The Fires of Spring
- First edition cover
- Author: James A. Michener
- Language: English
- Publisher: Random House
- Publication date: 1949
- Publication place: United States
- Media type: print
- Pages: 495pp.
- ISBN: 1-4990-7709-2

= The Fires of Spring =

Novel by James A. Michener

The Fires of Spring (1949) is the second book and first novel published by American author James A. Michener. Usually known for his multi-generational epics of historical fiction, The Fires of Spring was written as a partially autobiographical bildungsroman in which Michener's proxy, young orphan David Harper, searches for meaning and romance in pre-World War II Pennsylvania.

Published in the wake of the critical acclaim Michener received for Tales of the South Pacific, The Fires of Spring was received poorly by critics and viewed as far more amateurish than his previous book. In reflecting on The Fires of Spring in his memoir The World Is My Home, Michener wrote of its importance:

I was willing to write The Fires of Spring out of order because I felt that it was a book that had to be written even though I was in my forties and it was the kind of book normally written when one is in one’s twenties or thirties. I have never regretted that decision, because through the years it has probably brought me more mail from readers than any other book I’ve written, having caught the imagination of young people who were pondering the direction their lives should take. I doubt that I have ever had a letter about it from a reader past the age of thirty-five, except to recall that it had a life-changing effect when he or she read the book as a teenager.

== Background ==
Michener's first manuscript of The Fires of Spring resulted in his newly-acquired agent (Note: Michener described him as "the dean of America's literary agents".) informing him that he "had no future as a writer". Macmillan Publishers declined to publish it, but it was accepted by Random House. Despite its generally negative reception, The Fires of Spring was still in print in hardcover in 1982. Michener said he received more letters from fans about The Fires of Spring than any of his other books.

== Reception ==
John Horne Burns, whose novel The Gallery was a contender for the Pulitzer Prize that Michener received, wrote a scathing negative review of The Fires of Spring for Saturday Review.

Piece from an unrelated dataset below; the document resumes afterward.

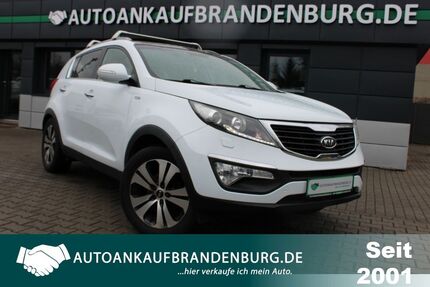 Kia Sportage 130.420 km 9.999 &euro; Königs Wusterhausen 15711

In the New York Times, William DuBois compared The Fires of Spring unfavorably to Tales of the South Pacific, and notes that the story begins well but is overtaken by heavy-handed melodrama. Orville Prescott, also in the New York Times, takes a more generous view of the semi-autobiographical novel, finding it "immensely readable", but judges the book to be uneven and the main character "less interesting and less clearly defined than Mr. Michener's host of wonderfully well-portrayed minor characters".

Over a decade later, Robert Payne described The Fires of Spring as "probably the best" of Michener's novels. In the 1990s, when Michener published his memoir, The World Is My Home, his literary agent said that readers interested in Michener's personal life "might better turn to The Fires of Spring".